Even if the mean field assumption is true for the true posterior, the true posterior may not be in the approximate posterior family Q. For example, Q could be mean-field Gaussian, and P could be mean-field laplace/student-t/etc, or P could be skewed.

In this case, the authors of the paper suggest that P is skewed to the right. You can think of mean field VI wanting to really avoid areas of low density, so the **mean** (not just the variance) getting pushing to the right, causing bias.

Other examples include when the ‘true posterior’ is a mean-field Laplace/student-t distribution (e.g., something with heavy tails). If the family of approximate posteriors if Gaussian (as is commonly the case), I would expect the approximate posterior q to *underestimate* the variance of the parameters - we can never find a q with KL(q||p)=0, and variational inference solutions always tend to be ‘more compact’ than the true posterior due to KL(q||p) integrating over q and having large penalty if p is small and q is large.

You could also imagine fitting a ‘mean-field’ true posterior that is a mixture of Gaussians for each component.
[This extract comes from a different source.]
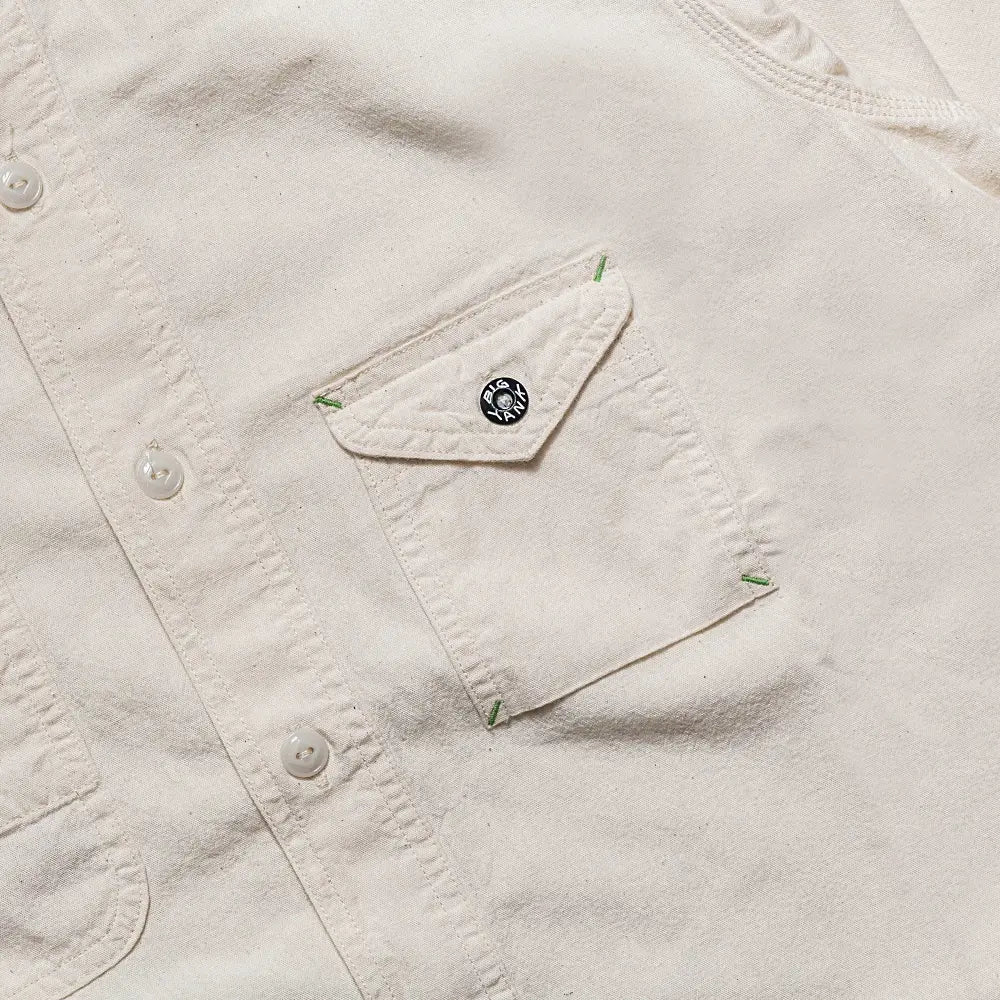 Pocket detail of the Big Yank 1935 Original Chambray Shirt Natural highlighting pocket shape, stitching precision, and classic Big Yank workwear detailing for Clothier & Sons.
Then mean field VI would probably ‘select’ a mode for each variable depending on the initialisation, therefore underestimating the posterior variance.

If you wanted to recover the mean and variance correctly, and the mean-field assumption is satisfied, you’d probably be better off using EP (expectation propagation, which moment matches for exponential families), but I don’t know how this works with probabilistic programming languages.